Problem to solve
Wherever pictures appear in the listing below, leave them out, and copy exactly, and only, everything from the line with "1HD1KBC13JB628878 фото 10" down to the line with "Router-MESH-Cudy-x-2-Wi-Fi-6-Ax1800-Doble-Banda".

Information shown
· · · · ·

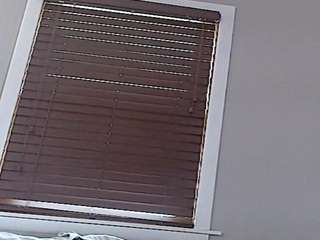 studlyhardwood-2ebbb0a4 — Camsoda stream photo (May 2026)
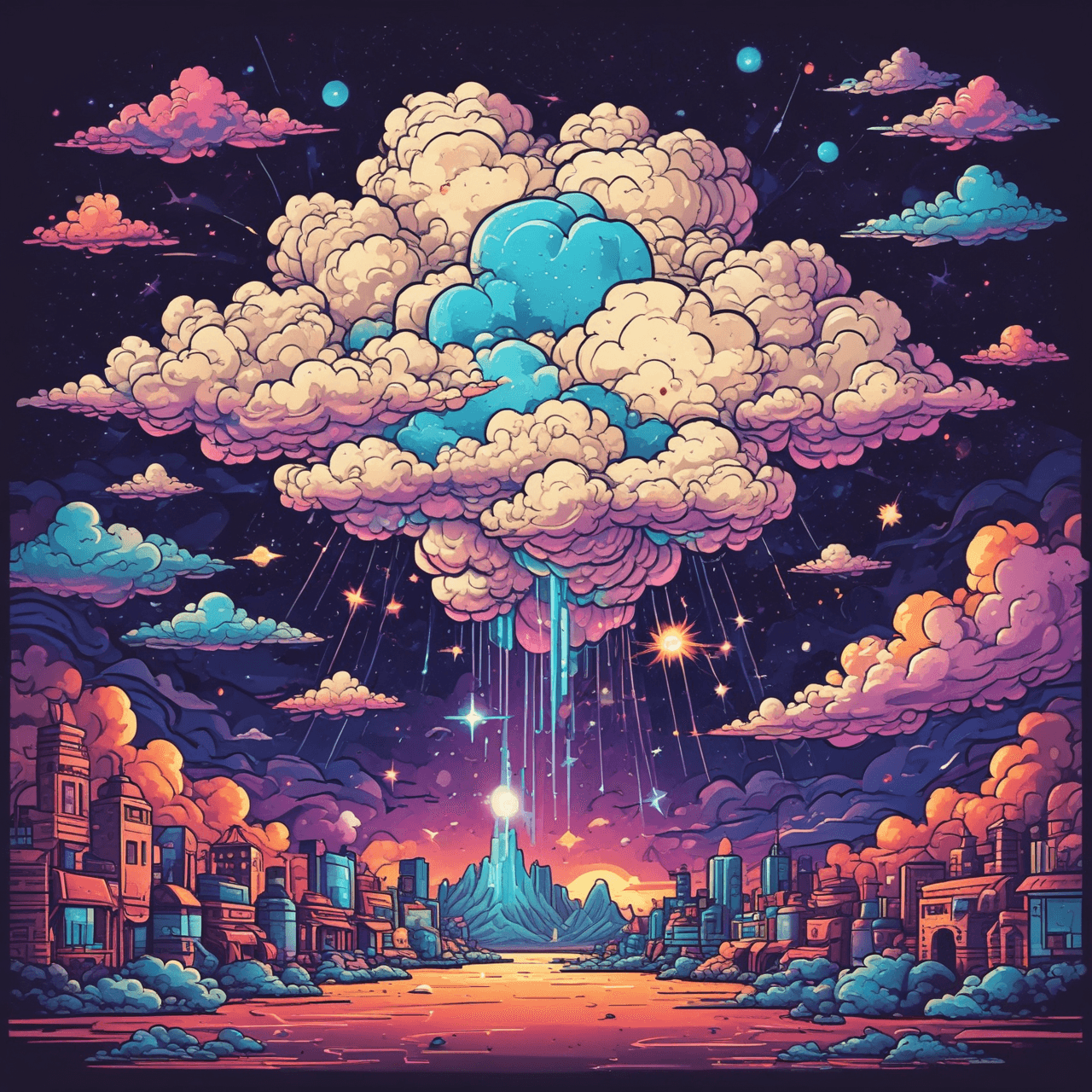 Ion Bridge Chemistry game banner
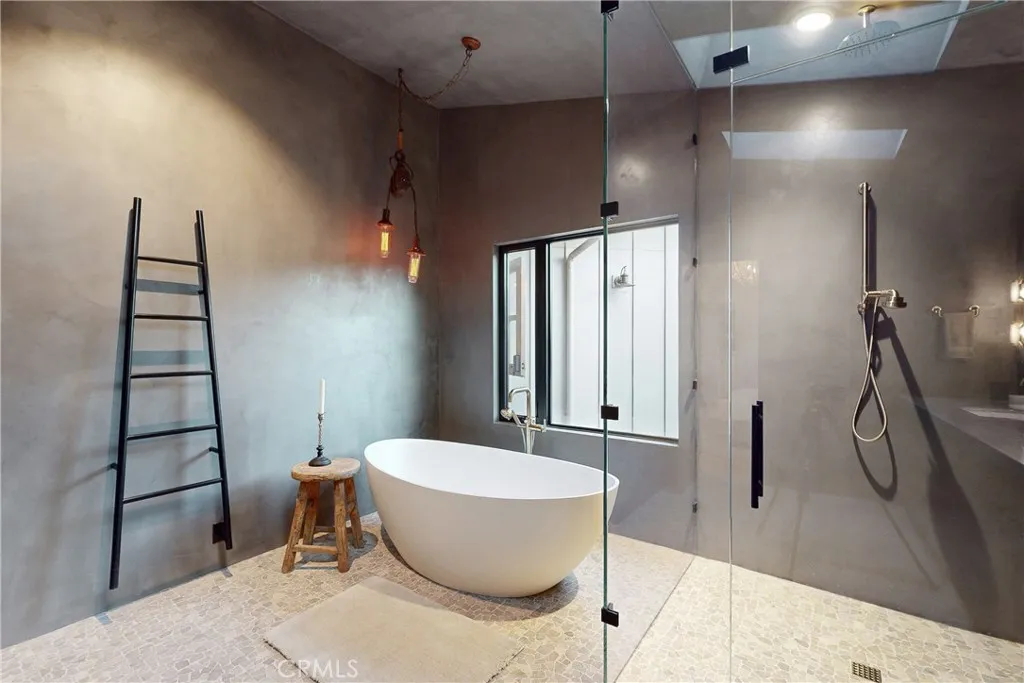 Additional image 21 of 670 Santa Lucia Avenue, Los Osos, CA 93402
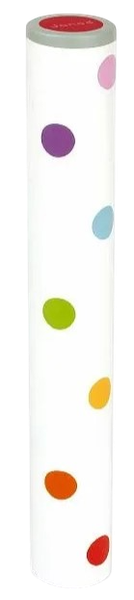 Изображение товара Погремушка Janod Посох дождя J07602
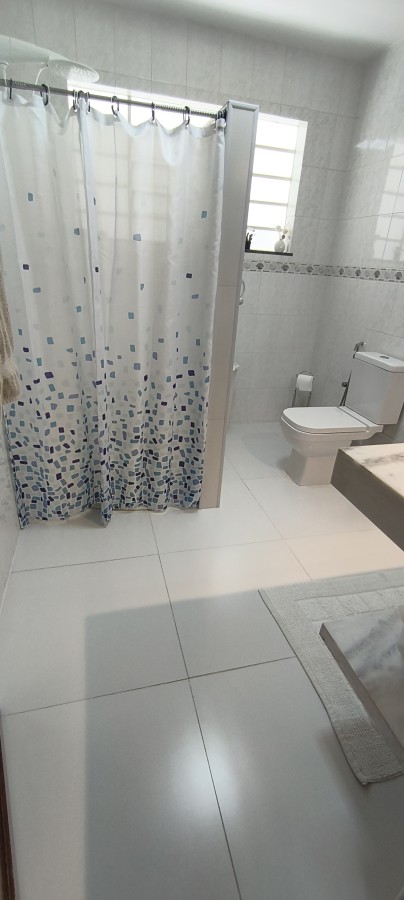 Casa à venda com 3 quartos, 2 banheiros, 2 vagas e 92m² no Perissê, Nova Friburgo (RJ) — foto 13 de 21
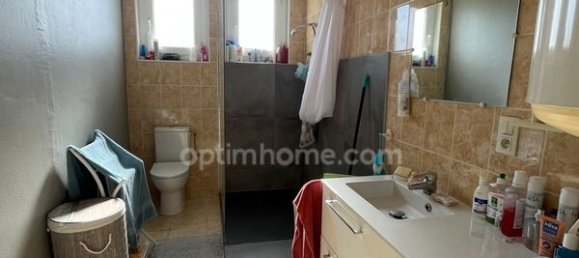 5 Schlafzimmer Haus in Condom, France, Nr. 189415 6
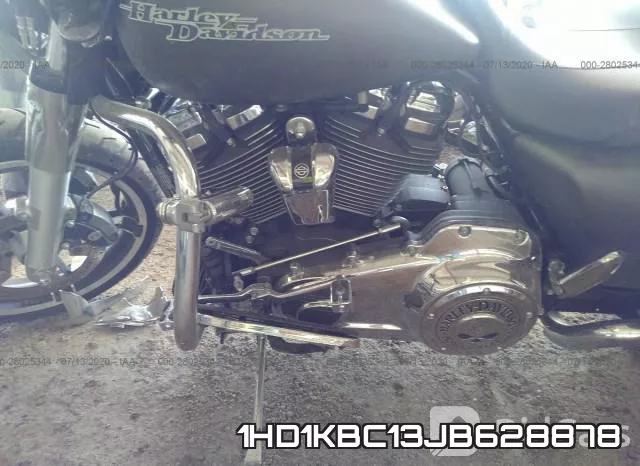1HD1KBC13JB628878 фото 10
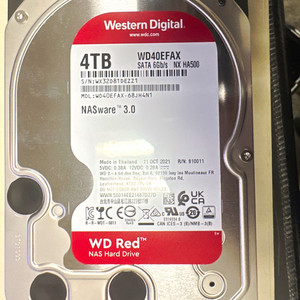 Wd4001ffsx | eBay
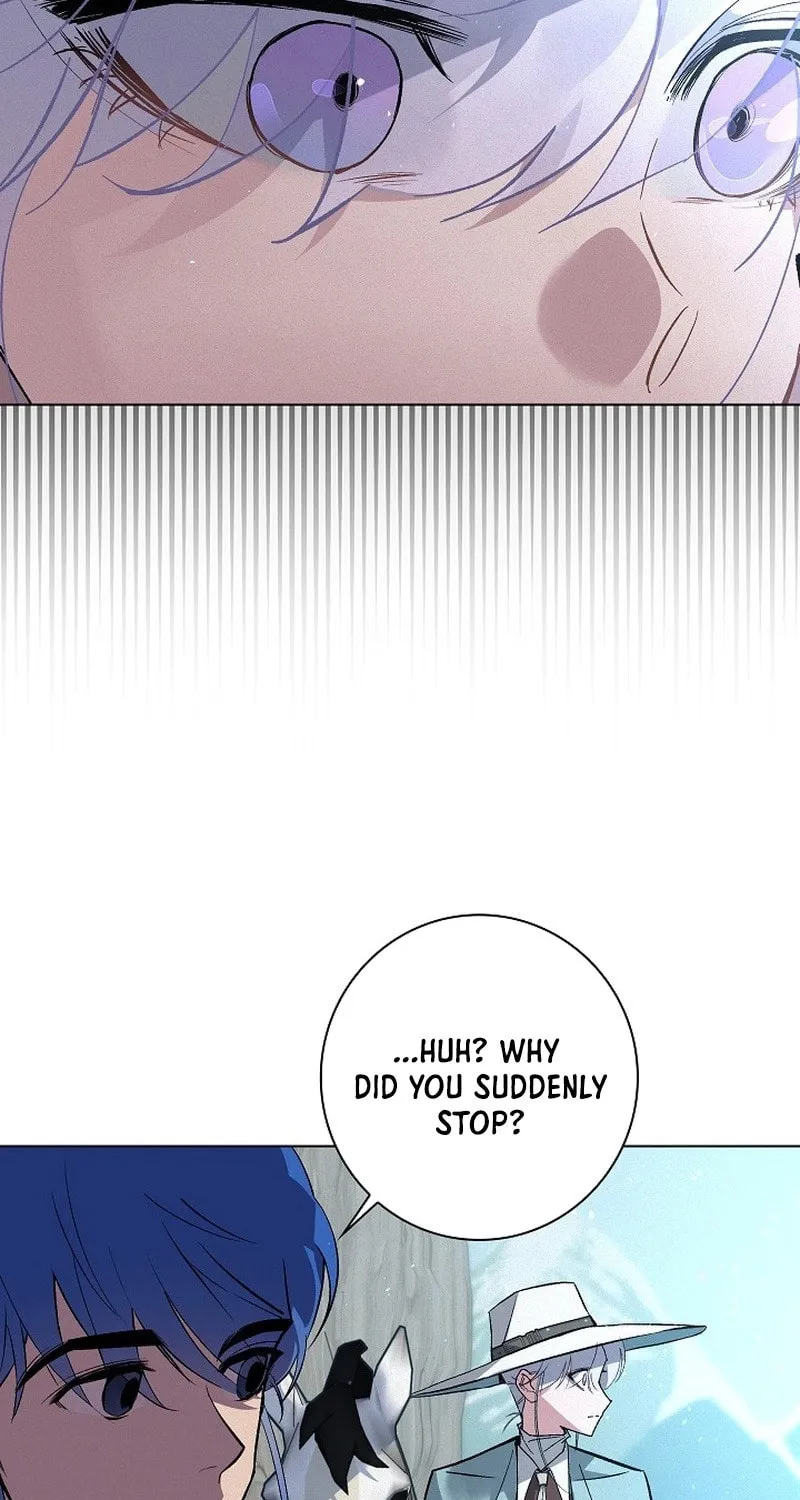 Read Seian chapter 15 image 69 on Lezhin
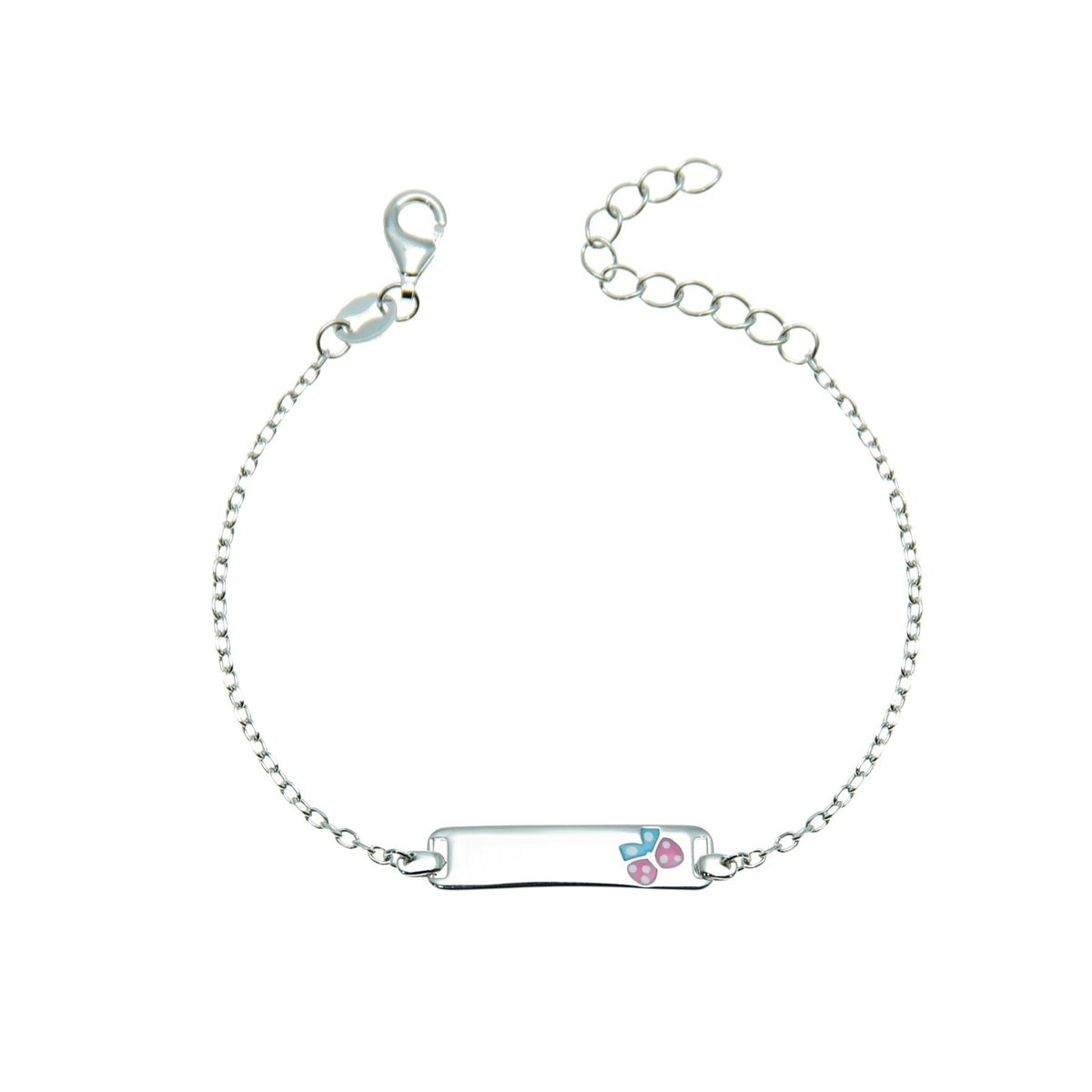 POLO EXCHANGE BRACELET | SHL7134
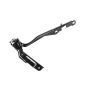 Mopar 55113550AG HINGE, Hood
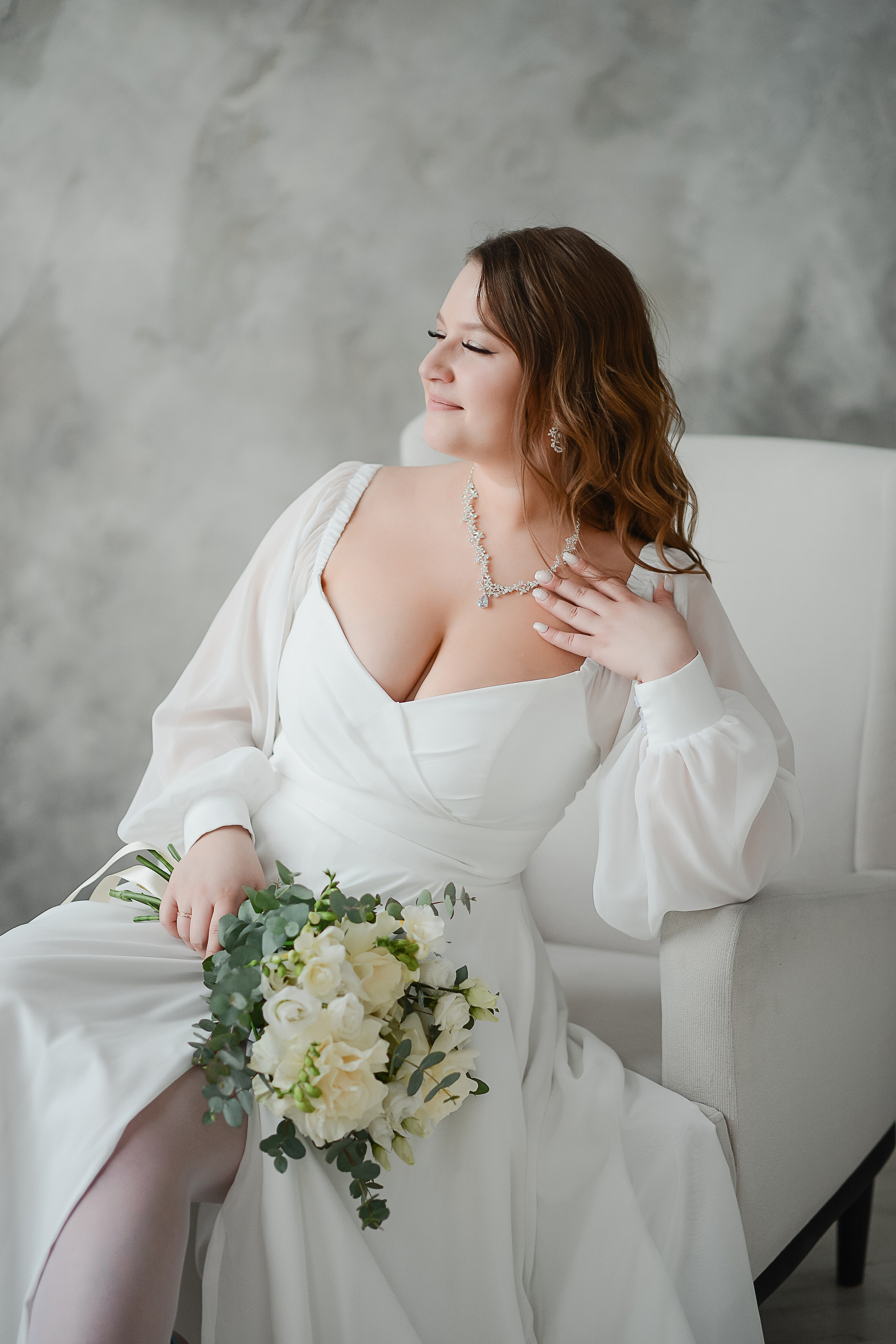 Иван и Елена. Thephoto-russia.ru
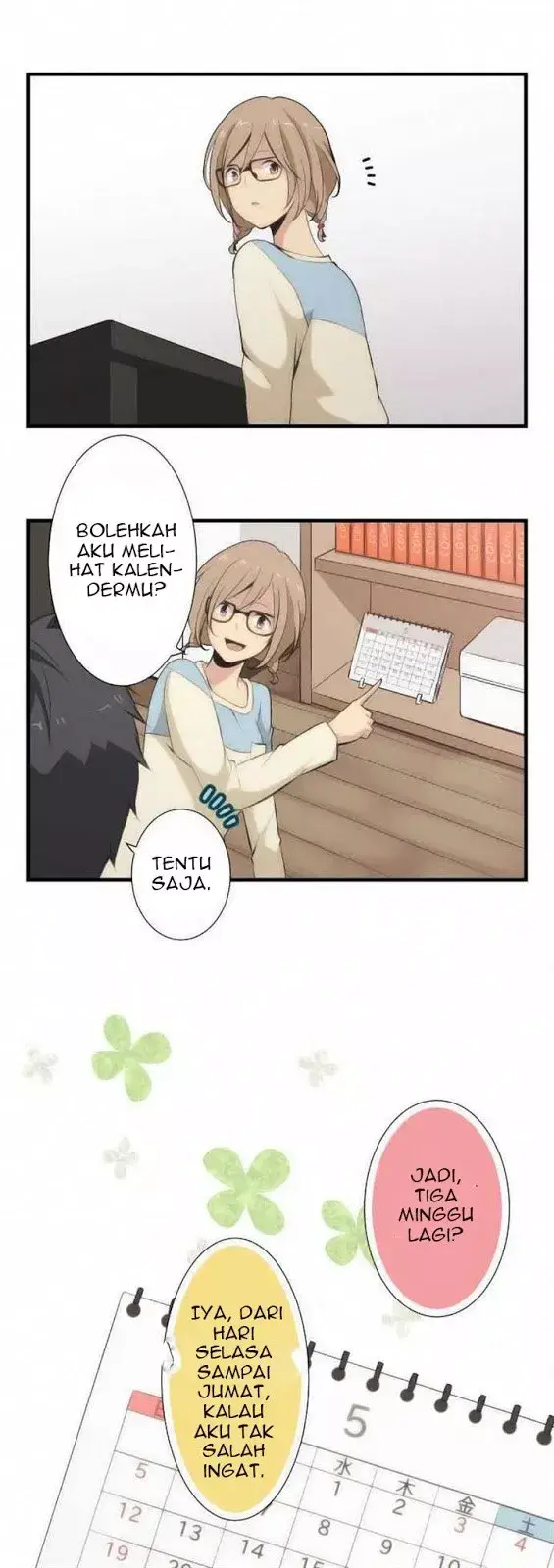 image-komik-relife-chapter-48-6/34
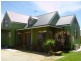 20 California Drv, Smiths Beach VIC 3922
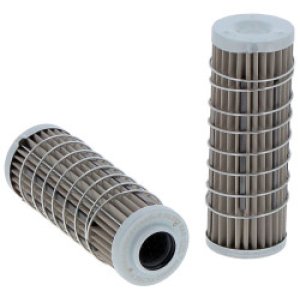 Гидравлический фильтр HIFI Filter SH 60900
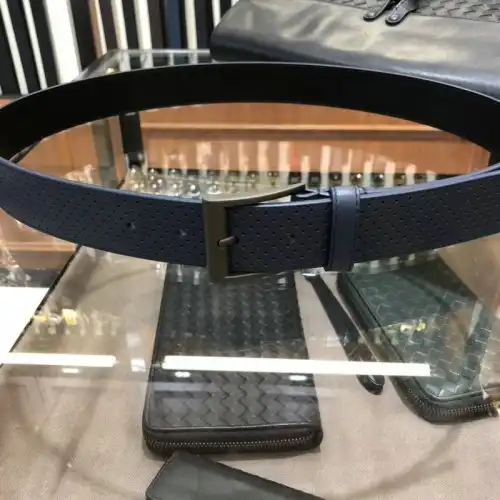 b0tte*a Ven*ta belts 2108sf0057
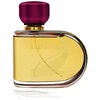 Louis Cardin Lightning EDP parfumuotas vanduo moterims, 100 ml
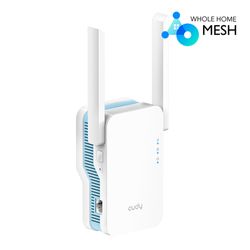 Router-MESH-Cudy-x-2-Wi-Fi-6-Ax1800-Doble-Banda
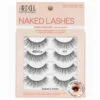 Ardell Naked Lashes #423 4 Pack 2 Ardell Naked Lashes #423 4 Pack -Image Beauty Shop 2ehwJEJ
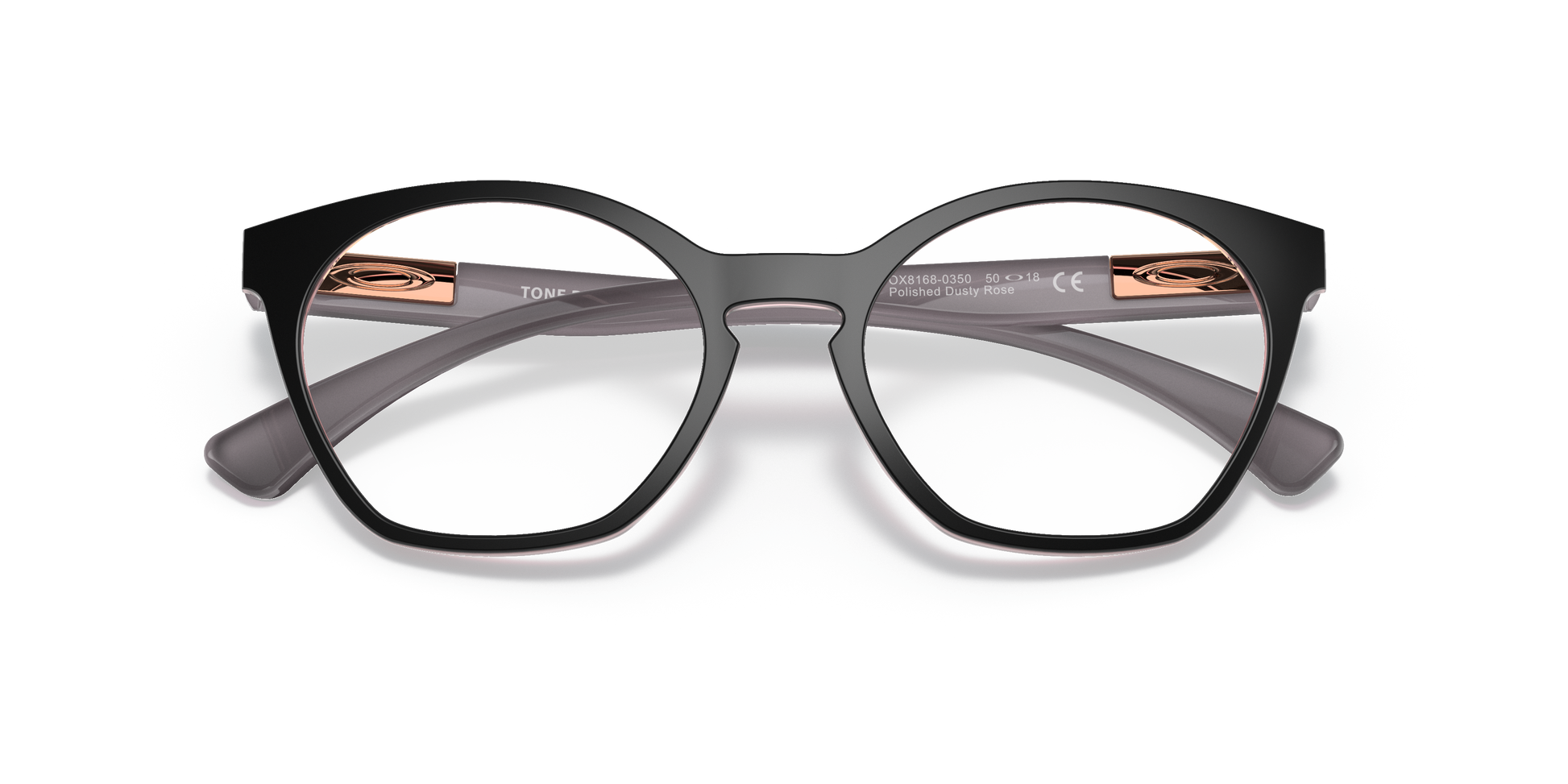 Oakley OX8168 TONE DOWN 816803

· · · · ·

Response area
1HD1KBC13JB628878 фото 10
 Wd4001ffsx | eBay
 Read Seian chapter 15 image 69 on Lezhin
 POLO EXCHANGE BRACELET | SHL7134
 Mopar 55113550AG HINGE, Hood
 Иван и Елена. Thephoto-russia.ru
 image-komik-relife-chapter-48-6/34
 20 California Drv, Smiths Beach VIC 3922
 Гидравлический фильтр HIFI Filter SH 60900
 b0tte*a Ven*ta belts 2108sf0057
 Louis Cardin Lightning EDP parfumuotas vanduo moterims, 100 ml
 Router-MESH-Cudy-x-2-Wi-Fi-6-Ax1800-Doble-Banda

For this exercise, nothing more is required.